In northwestern Syria's Afrin, Turkish aid agencies have set up 200 shelters for refugees from eastern Ghouta. Here they will be provided with food and medical services
The Turkish Disaster and Emergency Management Authority (AFAD), Red Crescent (Kızılay) and another Turkish aid group have set up 200 tent shelters in the countryside of Afrin, northwestern Syria, said AFAD's head on Monday. Mehmet Güllüoğlu told Anadolu Agency (AA) that AFAD, in cooperation with the Turkish Red Crescent and Nil Education and Aid Association, set up the tents for refugees from Eastern Ghouta, a city besieged for years by the Bashar Assad regime.
Güllüoğlu said that there are nearly 650 families temporarily living around Afrin's Muhammediyye district, adding that over 20,000 refugees from Eastern Ghouta have been evacuated since March to areas liberated by Turkey's Operation Euphrates Shield. Nearly 1,080,000 Syrians are currently living in the Euphrates Shield area, and 193,723 of them are in camps, Mehmet Güllüoğlu had said in April. Turkey launched Operation Euphrates Shield on Aug. 24, 2016, to clear Daesh terrorists from the northern Syrian towns of Jarablous, al-Rai, Dabiq and al-Bab.
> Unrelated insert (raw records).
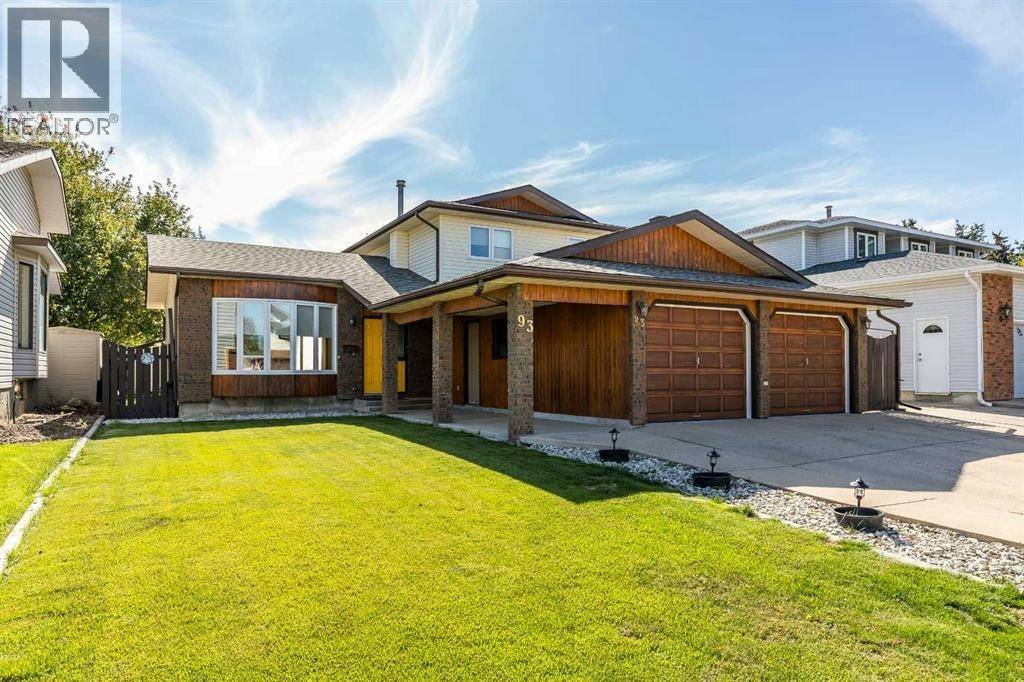 93 Shaw Crescent SE, Medicine Hat, AB, T1B 3Y6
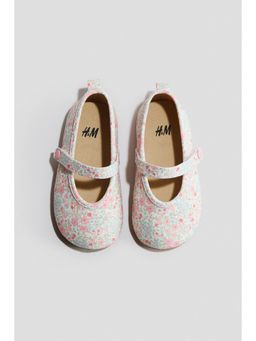 H&M - Girls White Ballet Pumps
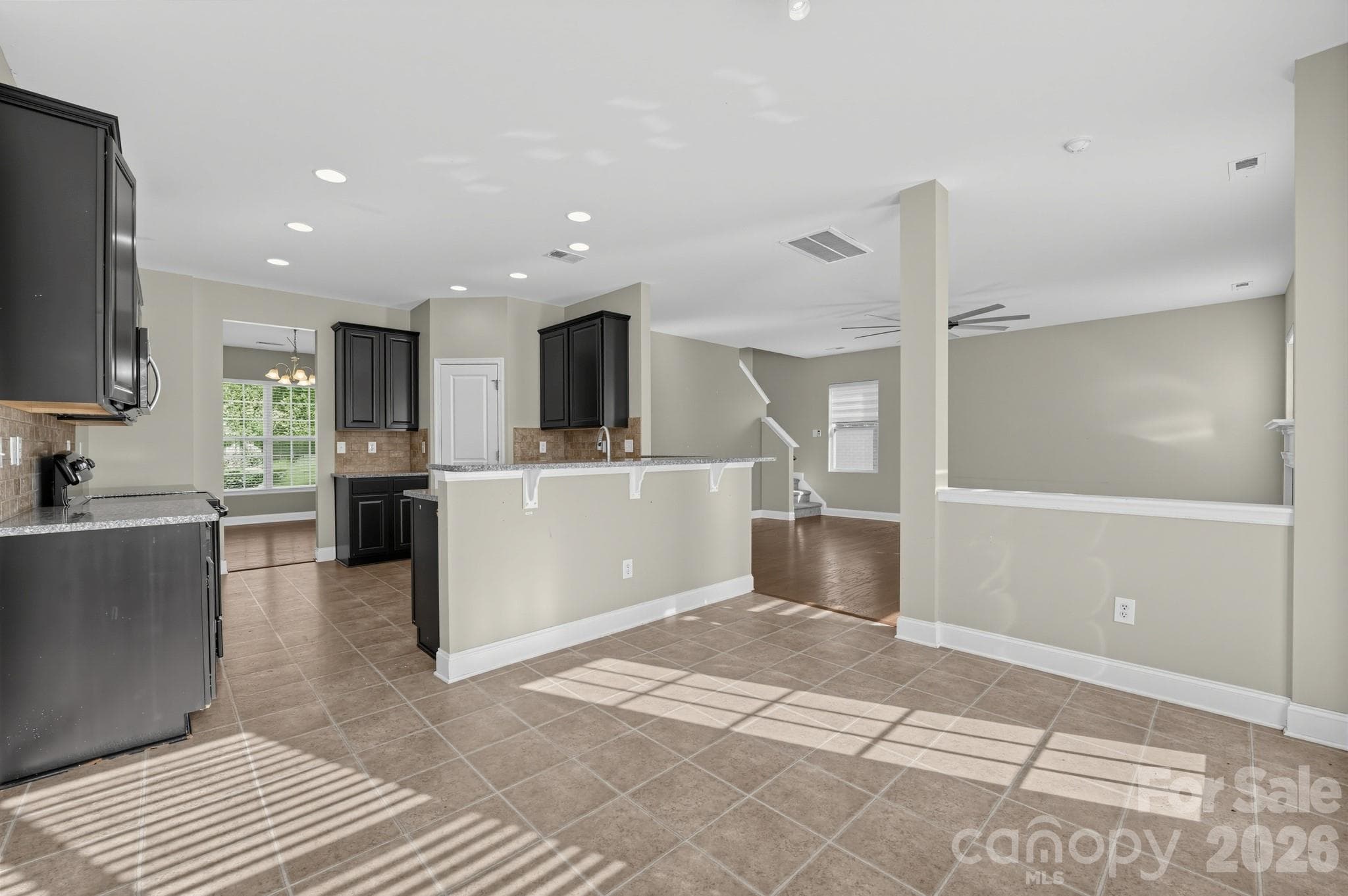 Single Family Residence at 284 Oakbourne Lane, Rock Hill, photo 11 of 26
The operation had ended in March 2017, with about a 2,000 kilometer-square area cleared from the terrorists.
Home to some 400,000 residents, Eastern Ghouta has remained under a crippling regime siege for the last five years, which has prevented the delivery of much-needed humanitarian supplies.
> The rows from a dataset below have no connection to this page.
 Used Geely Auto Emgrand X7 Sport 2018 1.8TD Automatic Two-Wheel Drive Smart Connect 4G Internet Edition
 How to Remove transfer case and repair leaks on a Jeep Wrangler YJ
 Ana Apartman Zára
"We are working to return Afrin residents to Afrin, Azaz to Azaz, and Al-Bab to Al-Bab, but since the war is ongoing, going back is difficult, we're doing our best," he said. Güllüoğlu also said that despite the efforts and hard work to reach out to those in need, women, the elderly and children's situations are particularly severe.
Previously held by the PKK terrorist organization's Syrian affiliate, the People's Protection Units (YPG), Afrin was recently liberated by Turkish military and the Free Syrian Army (FSA) in Operation Olive Branch. The operation was launched on Jan. 20 and ended on March 18. Since then, efforts have been exerted to bring life back to normal in the province, from clearing the planted explosives by the terrorists to rebuilding the infrastructure in the province.
The aid groups also distributed 5 tons of fruits and vegetables with over 1,000 packets of chocolates and 710 packets of biscuits and cakes to orphans living in the area.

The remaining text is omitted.